[MarkLogic Dev General] Loading xml files in mark logic server
Jason Hunter
jhunter at marklogic.com
Tue Apr 26 10:00:10 PDT 2011
The extra space is for the indexes.
-jh-
On Apr 26, 2011, at 9:51 AM, Rajesh Marklogic wrote:
> Hi Damon,
>
> Using Record loader, i could upload the million xml documents successfully. The total size of the document is 40 mb, but the forest size is increased to 70 mb.
>
> Any idea why the forest size is double than actual file size?
>
> Thanks and Regards
>
> Rajesh Govindan
>
> On Tue, Apr 19, 2011 at 11:28 PM, Damon Feldman <Damon.Feldman at marklogic.com> wrote:
> Rajesh,
>
> Each module invoke such as yours below runs as a single transaction with all the data in memory.
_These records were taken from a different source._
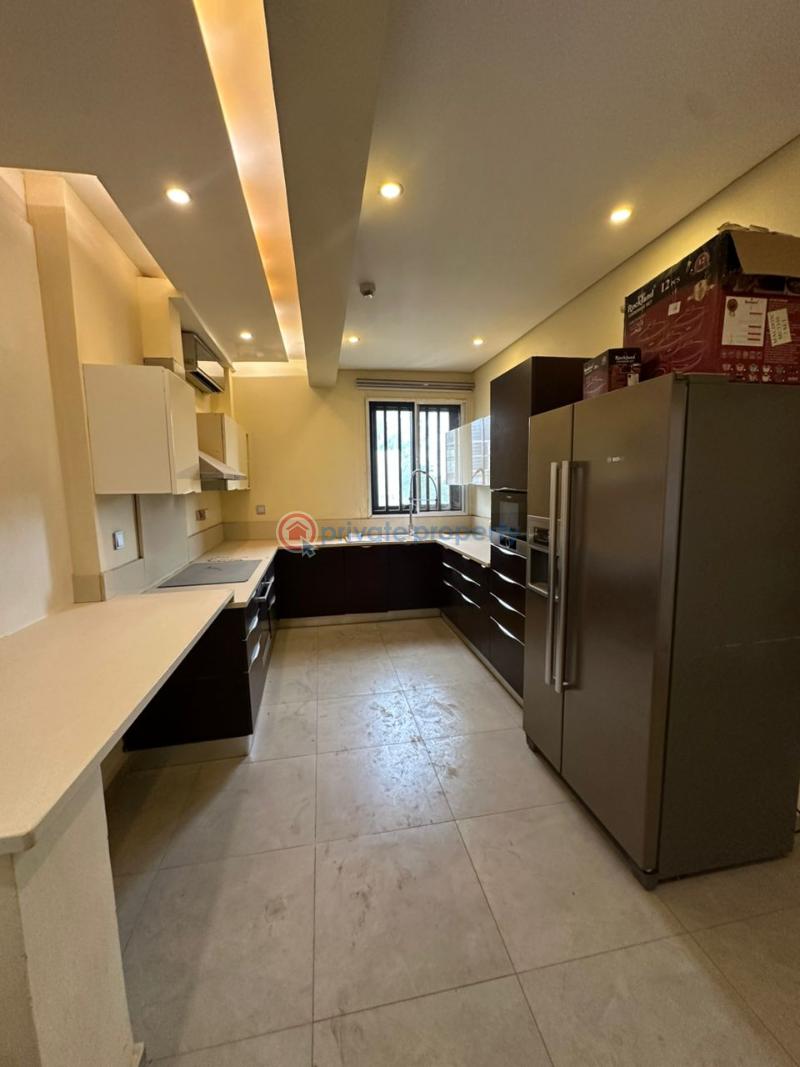 3 bedroom Block Of Flats For Rent Off Ibb Way Maitama Abuja Phase 1  - 7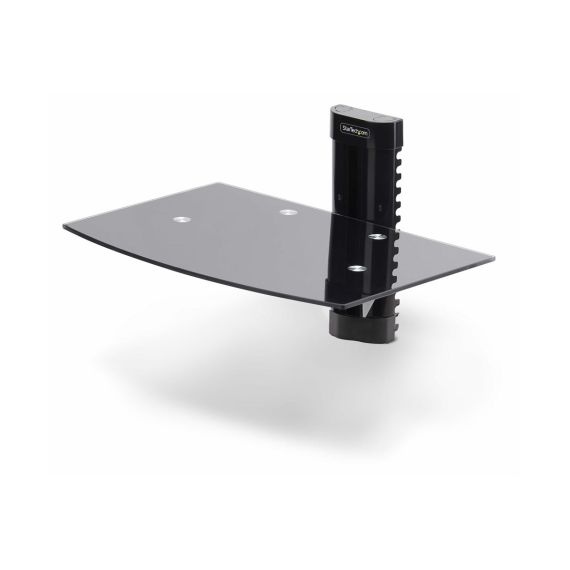 StarTech.com Floating Wall-Mounted AV Shelf | 1B-WALL-MOUNT-SHELF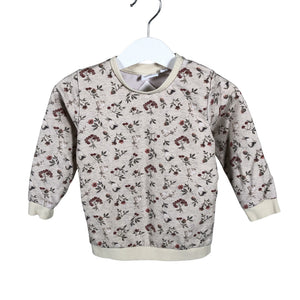 Tyttöjen Name It - Trikoopaita, koko 74 - 80 - Beige (2)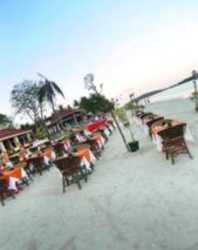 Imagen del bar/restaurante del Hotel Chaweng Villa Beach Resort. Foto 16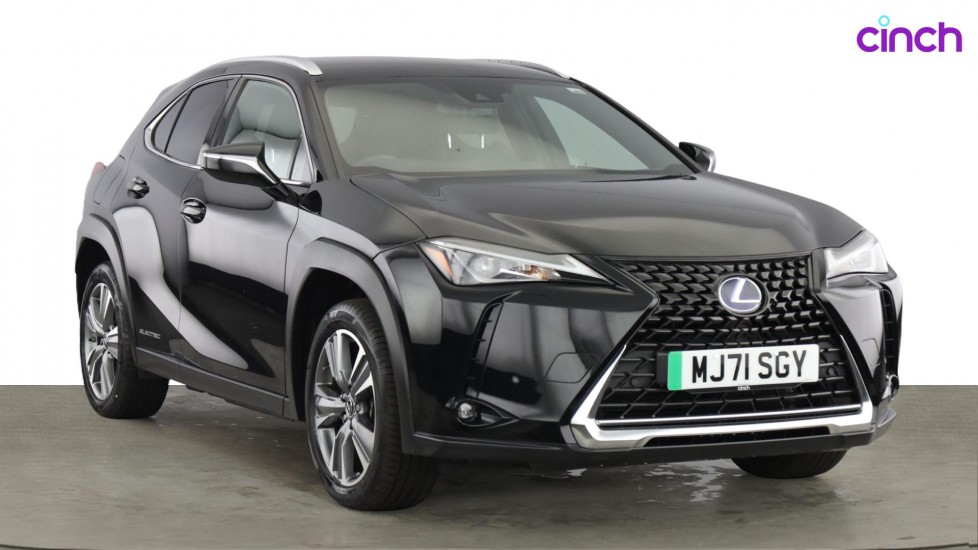 2021 Lexus UX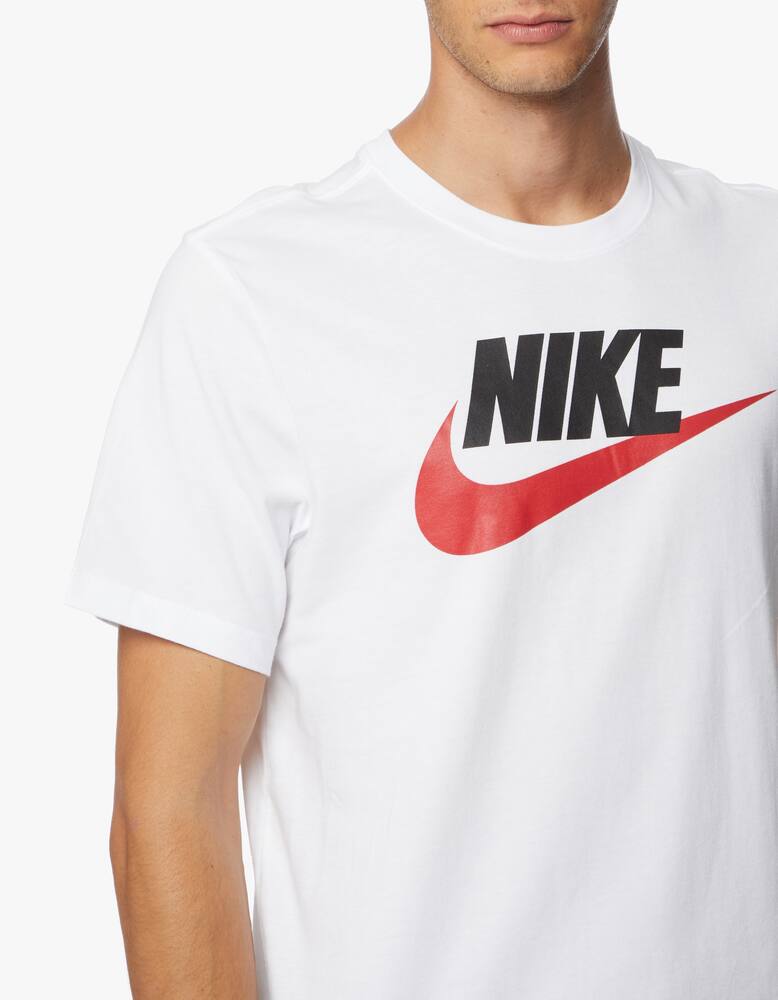 rinascente Nike Maglietta girocollo logo grande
For thousands of XML documents, you should break the work up into smaller chunks.
>
> The InformationStudio flows available in version 4.2 will do this automatically, and also provide a nice GUI for viewing progress, unloading the data later, and checking on errors.
>
> Also, the Java-based RecordLoader utility (http://developer.marklogic.com/code/recordloader, http://marklogic.github.com/recordloader/tutorial.html) will insert documents in smaller chunks. It does not provide all the power of InformationStudio, but can be faster in some instances.
>
> Yours,
> Damon
>
> From: general-bounces at developer.marklogic.com [general-bounces at developer.marklogic.com] On Behalf Of Rajesh Marklogic [rajesh.marklogic at gmail.com]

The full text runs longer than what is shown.